Core Ideas
1. Background of the Study:
- This paper explores how to implement an end-to-end Optical Music Recognition (OMR) system using deep learning methods, with a focus on recognizing pianoform music. While recent progress has been made in monophonic music recognition, existing OMR models struggle to handle the multi-voice and multi-staff nature of piano music.
- The complexity of piano music stems from its independent parallel voices, which can freely appear and disappear within a composition. This complexity introduces additional challenges for the output of OMR models.
2. Key Contributions:
-
Linearized MusicXML Encoding: The paper proposes a linearized MusicXML format (Linearized MusicXML) that allows end-to-end models to be directly trained while maintaining close compatibility with the industry-standard MusicXML format.
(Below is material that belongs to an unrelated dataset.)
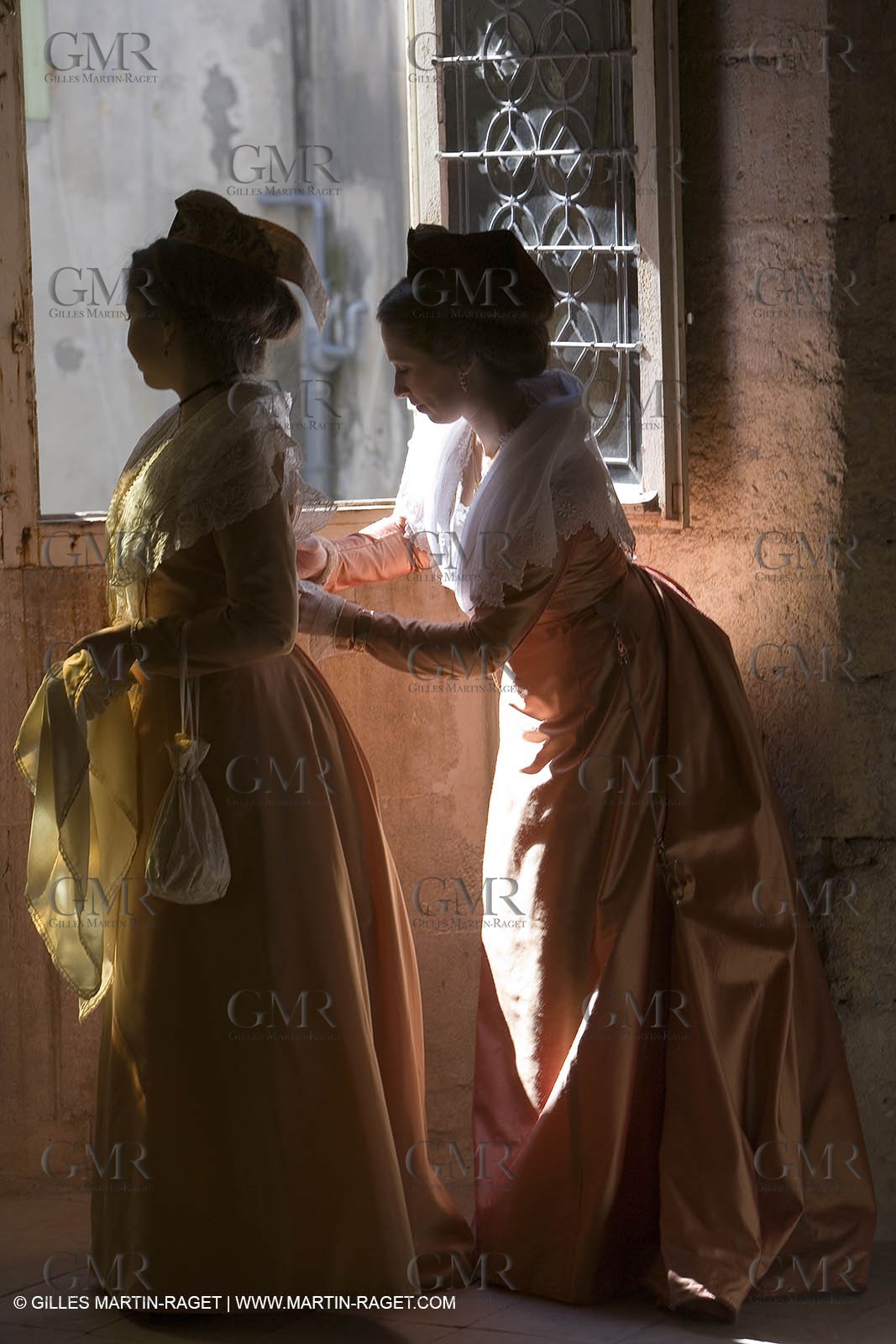 10 03 2007- Arles (FRA, 13) - Reine d'Arles et ses demoiselles d'honneur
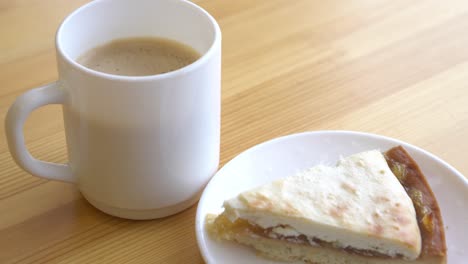 café y postre en una mesa de madera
- This encoding method involves a depth-first traversal of the XML tree, converting each element into a corresponding token. This reduces redundancy, focuses on the visual representation of the score, suppresses semantic information, and ignores sound, layout, and metadata.
-
Dataset Construction and Testing: A benchmark dataset for piano music was constructed based on the OpenScore Lieder corpus, containing synthetic training images and real-world images from public IMSLP scans.
- The dataset includes two variants: synthetic and scanned, used respectively for training, development, and testing. Synthetic data is used for initial model training, while scanned data is used to test the model’s real-world performance.
-
Model Training and Optimization: The model is trained using a new LSTM-based architecture, which is fine-tuned to serve as a benchmark.
- The model performs well on both synthetic and scanned test sets, significantly surpassing the state-of-the-art results on existing piano music datasets.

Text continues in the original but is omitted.